George Walford: Which Freedom?

The Trades Description Act says, more or less, that dealers must not tell lies about their goods. When it was going through Parliament one MP asked whether it would apply to politicians’ promises, and the House dissolved in laughter. Yet the temptation to accept the politicians’ words at their own valuation has to be resisted; although individual people of any persuasion may tell lies, statements repeated over generations, and supported by social movements, express real beliefs. When Mrs. Thatcher speaks enthusiastically of the freedom conservatism brings she means it. When anarchists, liberals and democrats claim their movements would bring freedom, they also believe what they say.

They don’t, of course, all mean the same thing, but it is not possible to show that one movement speaks truth while the others stumble in error. Each of them works for a particular sort of freedom, and each of them, the anarchist movement included, proposes to secure it by imposing limitations.

Towards one end of the political-ideological range conservatism would reduce government interference in economic activities, returning the nationalised industries to private ownership and leaving rich poor alike to retain their possessions, win more or lose what they have, according to their ability, industry or avarice (This movement does not apply its principles with rigorous consistency; the public safety-nets which keep the losers from dying in the streets are not being done away with).

The drive for greater freedom of economic action finds its balancing counterpart in political and intellectual life. Newspapers inclined to critise the government have been alarmed by the proposed revision of the Official Secrets Act, a uniform curriculum has been imposed on the schools, and the universities are not only having their funds cut back but are also being encouraged to favour subjects offering short-term practical returns rather than the more speculative ones. Governmental control is being transferred from the economic field to political and intellectual life.

Towards the other end of the range anarchism reverses these tendencies. The (A-)SPGB declare the need of ownership and control of the means of production by the whole community, and the anarchist groups that advocate individual enterprise in this field turn out, on enquiry, to be taking it for granted that competition would not be carried to lengths damaging to the community; they also put the common interest first. In political-intellectual matters, on the other hand, anarchists advocate unrestricted freedom of individual action. In an anarchist society freedom to publish and assemble, to speak publicly, to discuss, agitate and persuade, would be unrestrained.

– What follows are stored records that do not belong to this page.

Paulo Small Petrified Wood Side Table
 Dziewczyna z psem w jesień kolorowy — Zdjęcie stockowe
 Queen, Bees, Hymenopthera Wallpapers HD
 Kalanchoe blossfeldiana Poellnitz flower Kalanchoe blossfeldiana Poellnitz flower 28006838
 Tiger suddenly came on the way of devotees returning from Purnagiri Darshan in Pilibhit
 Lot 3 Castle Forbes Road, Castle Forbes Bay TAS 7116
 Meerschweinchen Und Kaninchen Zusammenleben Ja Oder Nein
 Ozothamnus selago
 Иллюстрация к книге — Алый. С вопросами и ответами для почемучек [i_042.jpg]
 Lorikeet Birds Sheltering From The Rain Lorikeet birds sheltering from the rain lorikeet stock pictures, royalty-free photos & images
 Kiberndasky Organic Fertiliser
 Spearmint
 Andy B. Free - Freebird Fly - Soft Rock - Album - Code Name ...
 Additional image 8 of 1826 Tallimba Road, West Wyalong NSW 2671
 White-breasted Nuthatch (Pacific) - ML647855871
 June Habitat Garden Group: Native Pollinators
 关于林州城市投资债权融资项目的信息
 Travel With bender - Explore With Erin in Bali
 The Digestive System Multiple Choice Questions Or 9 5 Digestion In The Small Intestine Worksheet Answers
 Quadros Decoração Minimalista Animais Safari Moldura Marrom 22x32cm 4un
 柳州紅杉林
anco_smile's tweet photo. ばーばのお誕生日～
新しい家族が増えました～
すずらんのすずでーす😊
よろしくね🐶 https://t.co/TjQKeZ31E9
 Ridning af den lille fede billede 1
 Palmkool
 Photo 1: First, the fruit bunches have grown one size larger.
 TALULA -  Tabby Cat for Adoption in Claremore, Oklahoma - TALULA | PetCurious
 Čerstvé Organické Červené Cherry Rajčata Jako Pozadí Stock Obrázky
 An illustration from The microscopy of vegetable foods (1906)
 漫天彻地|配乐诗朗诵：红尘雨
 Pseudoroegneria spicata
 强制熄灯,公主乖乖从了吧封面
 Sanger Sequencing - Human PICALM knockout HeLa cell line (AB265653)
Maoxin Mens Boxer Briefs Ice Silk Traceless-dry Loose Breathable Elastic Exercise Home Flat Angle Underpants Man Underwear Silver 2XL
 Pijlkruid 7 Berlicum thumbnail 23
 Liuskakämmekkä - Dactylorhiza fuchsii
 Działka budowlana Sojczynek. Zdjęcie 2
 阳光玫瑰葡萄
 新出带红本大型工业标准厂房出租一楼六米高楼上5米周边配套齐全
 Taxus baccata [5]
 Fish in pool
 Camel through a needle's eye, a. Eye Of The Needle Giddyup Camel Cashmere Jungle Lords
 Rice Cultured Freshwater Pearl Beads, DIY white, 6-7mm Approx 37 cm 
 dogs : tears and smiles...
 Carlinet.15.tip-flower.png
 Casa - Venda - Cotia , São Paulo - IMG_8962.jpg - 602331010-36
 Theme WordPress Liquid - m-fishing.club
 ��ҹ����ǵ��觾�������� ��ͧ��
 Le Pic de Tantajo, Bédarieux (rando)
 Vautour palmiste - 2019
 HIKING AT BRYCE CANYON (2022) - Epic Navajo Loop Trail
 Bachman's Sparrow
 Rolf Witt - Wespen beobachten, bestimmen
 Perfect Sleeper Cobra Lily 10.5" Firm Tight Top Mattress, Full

One can see good practical reasons for the limitations the two sides would respectively impose. A conservative society, with industry in private hands and a highly-developed economic hierarchy, could hardly function if the minority opposed to such a structure were free to agitate as they might wish; for its own survival it would have to limit freedom of political / intellectual action. An anarchist society, on the other hand, would be unable to maintain its political-intellectual freedom if individuals could get control of the media; for its own survival it would have to limit the freedom to accumulate economic power. Freedom and limitation come together like action and reaction; like those, they are equal, opposite – and inseparable.

from Ideological Commentary 39, May 1989.